5. We have carefully considered all relevant facts, material gathered and submissions made by transferor and transferee and we are satisfied that the property is fit for pre-emptive purchase under the provisions of Chapter XX-C of the IT Act, 1961. Therefore, in exercise of the powers vested in us under s. 269UD(1) of the Act, we hereby order to purchase the said immovable property.'

10. In our view, the Appropriate Authority has not given any specific finding that there was an attempt to evade tax or that the apparent consideration was lower than the real consideration. The Authority could have raised a presumption about intention to evade tax in the show cause notice. After hearing the parties, the Appropriate Authority could have held that the presumption was not rebutted and given the finding that the apparent consideration mentioned in the agreement was understated with a view to evade tax. However, since the mandatory requirement of giving such specific finding is not complied with, in our opinion, the order deserves to be quashed and set aside.

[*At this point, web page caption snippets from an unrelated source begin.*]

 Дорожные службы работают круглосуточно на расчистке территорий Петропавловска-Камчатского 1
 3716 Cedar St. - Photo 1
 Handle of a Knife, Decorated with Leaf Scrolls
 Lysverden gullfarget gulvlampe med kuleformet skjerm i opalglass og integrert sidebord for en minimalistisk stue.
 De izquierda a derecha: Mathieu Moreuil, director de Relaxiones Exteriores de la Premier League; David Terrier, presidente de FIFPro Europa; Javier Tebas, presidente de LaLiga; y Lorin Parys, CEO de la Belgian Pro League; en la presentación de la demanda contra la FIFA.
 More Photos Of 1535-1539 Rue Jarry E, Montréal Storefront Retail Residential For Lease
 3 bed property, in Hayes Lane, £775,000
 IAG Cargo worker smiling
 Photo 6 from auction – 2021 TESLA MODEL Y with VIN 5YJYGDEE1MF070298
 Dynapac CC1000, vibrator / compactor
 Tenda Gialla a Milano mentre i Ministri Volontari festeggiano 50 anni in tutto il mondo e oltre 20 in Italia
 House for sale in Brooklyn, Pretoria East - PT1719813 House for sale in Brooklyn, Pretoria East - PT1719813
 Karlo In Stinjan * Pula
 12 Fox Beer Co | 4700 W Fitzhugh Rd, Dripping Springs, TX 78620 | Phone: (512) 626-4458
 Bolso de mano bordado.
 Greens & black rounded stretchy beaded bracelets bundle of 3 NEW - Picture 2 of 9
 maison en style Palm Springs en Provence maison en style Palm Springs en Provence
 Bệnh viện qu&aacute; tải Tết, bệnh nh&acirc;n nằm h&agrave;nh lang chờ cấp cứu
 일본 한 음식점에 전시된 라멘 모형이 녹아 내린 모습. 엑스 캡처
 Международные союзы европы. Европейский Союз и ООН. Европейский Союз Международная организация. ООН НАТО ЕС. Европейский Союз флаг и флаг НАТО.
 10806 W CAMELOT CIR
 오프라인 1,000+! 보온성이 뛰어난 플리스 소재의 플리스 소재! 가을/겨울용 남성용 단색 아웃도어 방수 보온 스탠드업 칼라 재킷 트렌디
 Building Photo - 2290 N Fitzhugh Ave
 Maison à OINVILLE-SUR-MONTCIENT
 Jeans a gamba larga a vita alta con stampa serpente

11. Accordingly, this petition succeeds. The impugned order dt. 26th Sept., 1994, passed by the Appropriate Authority, at Annexure A to the petition, is quashed and set aside. The respondents shall also take within eight weeks from the date of receipt of this judgment or from the date of receipt of writ of this Court whichever is earlier, all the steps consequent to the impugned order being set aside [and shall also send a copy of this judgment to the authority under the Urban Land (Ceiling & Regulation) Act in the Government of Maharashtra]. The observations made under this judgment are only in the context of the controversy under Chapter XX-C of the IT Act, 1961 and we may not be understood to have expressed any opinion on the legality or otherwise of the transaction which petitioner No. 1 proposes to enter into with petitioner No. 2 in respect of the property under consideration.

Rule is made absolute accordingly with no order as to costs.